### Description of the task
Please print the entries below exactly, from the line with "Furnished 4 Bedroom" through the line with "2026 Chevrolet Equinox", including both of those lines and leaving out all others.

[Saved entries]

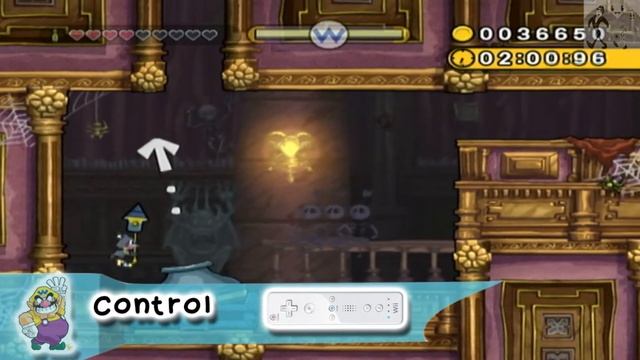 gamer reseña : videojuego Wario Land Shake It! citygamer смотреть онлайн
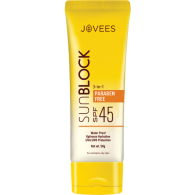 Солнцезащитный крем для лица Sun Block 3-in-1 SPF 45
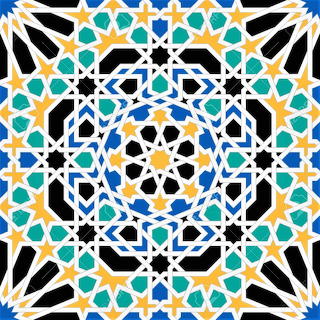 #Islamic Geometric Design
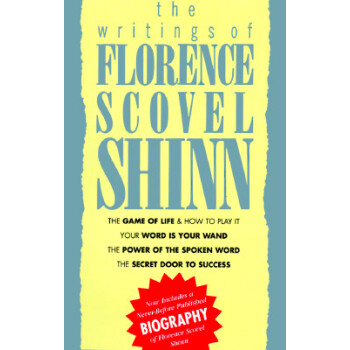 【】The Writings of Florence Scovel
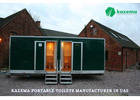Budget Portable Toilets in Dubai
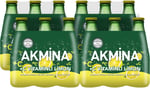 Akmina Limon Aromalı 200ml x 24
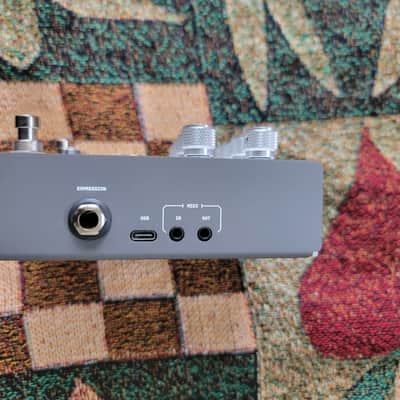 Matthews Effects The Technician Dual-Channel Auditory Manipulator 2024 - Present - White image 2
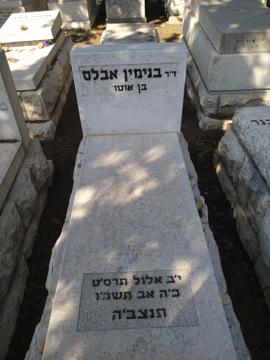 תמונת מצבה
...
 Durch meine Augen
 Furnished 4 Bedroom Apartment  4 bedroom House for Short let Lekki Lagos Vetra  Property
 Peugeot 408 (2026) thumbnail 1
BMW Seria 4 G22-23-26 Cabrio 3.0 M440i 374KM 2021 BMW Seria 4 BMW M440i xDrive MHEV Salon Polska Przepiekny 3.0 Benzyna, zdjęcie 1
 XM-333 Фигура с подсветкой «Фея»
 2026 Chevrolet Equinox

### Response area
 Furnished 4 Bedroom Apartment  4 bedroom House for Short let Lekki Lagos Vetra  Property
 Peugeot 408 (2026) thumbnail 1
BMW Seria 4 G22-23-26 Cabrio 3.0 M440i 374KM 2021 BMW Seria 4 BMW M440i xDrive MHEV Salon Polska Przepiekny 3.0 Benzyna, zdjęcie 1
 XM-333 Фигура с подсветкой «Фея»
 2026 Chevrolet Equinox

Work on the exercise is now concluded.